In response to the COVID-19 Crisis, healthcare designers come together in a series of webinars to discuss various topics relating to the built environment and how the lessons learned from COVID-19 will change the future landscape of design.
The webinars are free to the public after registration. Below is the list of topics discussed. (source)
COVID-19 Lessons Learned: The Owner’s Perspective
This panel discussion will offer a view of the COVID-19 pandemic through the eyes of four representatives of healthcare organizations, each experiencing and combatting the crisis in unique ways. The group will share how they’ve responded to both COVID-19 patient surge as well as dropping patient volumes, and what design solutions will be necessary to navigate these challenges more effectively in the future. Additionally, the panel will explore their priorities for both design and products going forward to support goals for flexibility, infection control, experience, and the healthcare workplace.
COVID-19 Lessons Learned: Outpatient Clinic Design in a Post-pandemic World
In this webinar, a speaker team from AECOM and Mercyhealth will ask the question, “If we could go back in time to redesign an outpatient clinic to address new concerns related to Coronavirus, how would we change our approach?” The panel will use Mercyhealth Alpine Clinic in Loves Park, Ill., which has been in operation just over a year, as a case study example of how the outpatient facility responded in real time to the pandemic and what lessons emerged through the crisis. The design team, specifically, will share what they would do differently if they knew then what they know now in a post-pandemic world.

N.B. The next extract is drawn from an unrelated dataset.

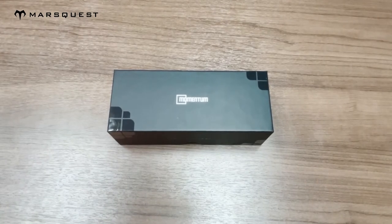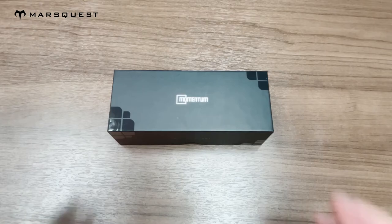Hey guys, today I'll be unboxing our Momentum sunglasses in the carbon black and silver color. A little bit of details about our Momentum sunglasses: they are polarized sports sunglasses which feature a hundred percent UVA and UVB protection. They have a flexible frame which is adaptable to all face shapes, and they have anti-slip technology. With that being said, let's jump into the unboxing.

COVID-19 Lessons Learned: The Evolution of Healthcare Interiors
As the healthcare community rethinks design in the aftermath of COVID-19, solutions to interiors, specifically, are being considered across the short and long term. To begin, as healthcare organizations reopen to patients, creating environments that support and communicate patient safety will be critical, as will organizing safe intake and screening for those with COVID-19 symptoms. Going forward, spaces must also adapt to new cleaning and infection control protocols, with product specification looking toward innovations in materials, surfaces, touchless technology, etc. Additional priorities in new projects include understanding and implementing flexibility and providing thoughtful solutions that enhance the experience of patients, families, and staff.
COVID-19 Lessons Learned: International Insights
As the U.S. continues to manage the COVID-19 crisis in its healthcare facilities while also beginning to consider how the pandemic will reshape design going forward, many lessons can be gleaned from solutions delivered overseas. In this webinar, experts from international design studios will shed light on approaches to pandemic response, including COVID-19, in China, Singapore, and United Arab Emirates. They’ll also explore the effectiveness of those measures during the COVID-19 outbreak and discuss the unique ways these countries are working to reduce risk and transmission going forward.
COVID-19 Lessons Learned: Improving the Surge Response
In response to the COVID-19 crisis, healthcare organizations across the country rapidly activated spaces on existing campuses as well as off-site to increase capacity for the patient surge. Ultimately, millions of dollars were spent on projects that were largely unused, thanks to social distancing flattening the curve. However, as we look ahead to a potential second wave in the fall or to future epidemics/pandemics, is there a better way to respond to patient surge? In this webinar, healthcare design experts will review the design solutions delivered to support COVID-19 patient surge, the lessons that will guide us in responding smarter and more cost-effectively next time, as well as how this new knowledge should shape the planning of future healthcare buildings.
COVID-19 Lessons Learned: Advocate Aurora Health Response and Reactivation
After working to manage COVID-19 patient surge through the delivery of alternate sites and temporary structures, Advocate Aurora Health is now in the process of reactivating acute and non-acute sites where programs and services were temporarily on hold during the height of the crisis. The healthcare system is now considering ways to provide safe environments and care that meet patients’ expectations, including social distancing across spaces such as check-in, dining, infusion, and rehabilitation spaces, among others. In this webinar, a panel from Advocate Aurora Health will explore how the organization adapted its built environments to support the demand and safe patient and caregiver experience during the pandemic across Illinois and Wisconsin at 26 acute care hospitals and approximately 500 non-acute clinical care sites and six major support centers.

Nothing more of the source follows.